━━ RECORDS PROVIDED ━━

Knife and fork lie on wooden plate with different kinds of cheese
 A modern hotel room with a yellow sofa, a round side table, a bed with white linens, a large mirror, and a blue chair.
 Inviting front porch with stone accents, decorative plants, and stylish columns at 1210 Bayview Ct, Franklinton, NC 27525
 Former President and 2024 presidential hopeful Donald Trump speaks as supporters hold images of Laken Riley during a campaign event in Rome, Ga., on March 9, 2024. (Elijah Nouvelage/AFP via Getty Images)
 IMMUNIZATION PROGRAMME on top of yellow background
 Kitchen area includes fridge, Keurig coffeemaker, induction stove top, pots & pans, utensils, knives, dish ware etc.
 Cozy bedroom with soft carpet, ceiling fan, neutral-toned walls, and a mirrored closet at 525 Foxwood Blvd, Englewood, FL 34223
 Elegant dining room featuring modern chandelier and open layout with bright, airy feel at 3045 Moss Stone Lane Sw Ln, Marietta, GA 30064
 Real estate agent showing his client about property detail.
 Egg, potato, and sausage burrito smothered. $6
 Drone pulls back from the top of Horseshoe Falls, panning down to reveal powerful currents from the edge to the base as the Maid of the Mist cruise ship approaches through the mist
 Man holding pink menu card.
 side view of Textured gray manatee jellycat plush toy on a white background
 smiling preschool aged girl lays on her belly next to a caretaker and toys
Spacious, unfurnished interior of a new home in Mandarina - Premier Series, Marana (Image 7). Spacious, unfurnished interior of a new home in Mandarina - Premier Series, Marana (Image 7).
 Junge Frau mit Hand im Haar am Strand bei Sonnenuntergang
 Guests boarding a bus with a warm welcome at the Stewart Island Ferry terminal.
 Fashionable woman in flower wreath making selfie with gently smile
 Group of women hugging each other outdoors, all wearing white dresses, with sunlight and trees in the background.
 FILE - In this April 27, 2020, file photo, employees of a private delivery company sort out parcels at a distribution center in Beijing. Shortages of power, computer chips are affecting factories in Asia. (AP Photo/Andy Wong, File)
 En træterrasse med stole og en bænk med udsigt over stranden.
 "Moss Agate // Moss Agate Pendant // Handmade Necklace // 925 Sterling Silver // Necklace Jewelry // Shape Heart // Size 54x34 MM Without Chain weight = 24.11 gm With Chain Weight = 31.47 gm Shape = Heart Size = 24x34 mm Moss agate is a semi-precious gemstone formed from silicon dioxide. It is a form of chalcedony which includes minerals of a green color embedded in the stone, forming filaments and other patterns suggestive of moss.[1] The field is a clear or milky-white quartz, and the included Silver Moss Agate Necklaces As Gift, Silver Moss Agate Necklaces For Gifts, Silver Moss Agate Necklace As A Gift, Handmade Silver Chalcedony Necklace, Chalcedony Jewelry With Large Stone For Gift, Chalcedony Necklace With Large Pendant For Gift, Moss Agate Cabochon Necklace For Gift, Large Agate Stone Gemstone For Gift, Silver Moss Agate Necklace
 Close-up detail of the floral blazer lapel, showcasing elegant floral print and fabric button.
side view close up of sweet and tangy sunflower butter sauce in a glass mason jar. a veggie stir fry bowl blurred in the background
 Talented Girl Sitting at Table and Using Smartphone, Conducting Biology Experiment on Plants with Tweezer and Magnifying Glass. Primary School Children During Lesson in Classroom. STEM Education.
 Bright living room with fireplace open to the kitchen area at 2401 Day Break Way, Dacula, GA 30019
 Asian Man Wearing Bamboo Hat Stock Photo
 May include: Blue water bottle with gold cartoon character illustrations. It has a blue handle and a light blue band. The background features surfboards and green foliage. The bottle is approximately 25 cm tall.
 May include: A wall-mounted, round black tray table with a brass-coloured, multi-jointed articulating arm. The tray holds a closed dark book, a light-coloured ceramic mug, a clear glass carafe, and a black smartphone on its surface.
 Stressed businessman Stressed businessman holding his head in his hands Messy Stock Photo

━━━

**INSTRUCTIONS FOR THE TASK**
Give back, exactly as written, the stretch from the line with "Elegant dining room" through the line with "smiling preschool aged", and no other lines from the records above.

**FINISHED TASK**
 Elegant dining room featuring modern chandelier and open layout with bright, airy feel at 3045 Moss Stone Lane Sw Ln, Marietta, GA 30064
 Real estate agent showing his client about property detail.
 Egg, potato, and sausage burrito smothered. $6
 Drone pulls back from the top of Horseshoe Falls, panning down to reveal powerful currents from the edge to the base as the Maid of the Mist cruise ship approaches through the mist
 Man holding pink menu card.
 side view of Textured gray manatee jellycat plush toy on a white background
 smiling preschool aged girl lays on her belly next to a caretaker and toys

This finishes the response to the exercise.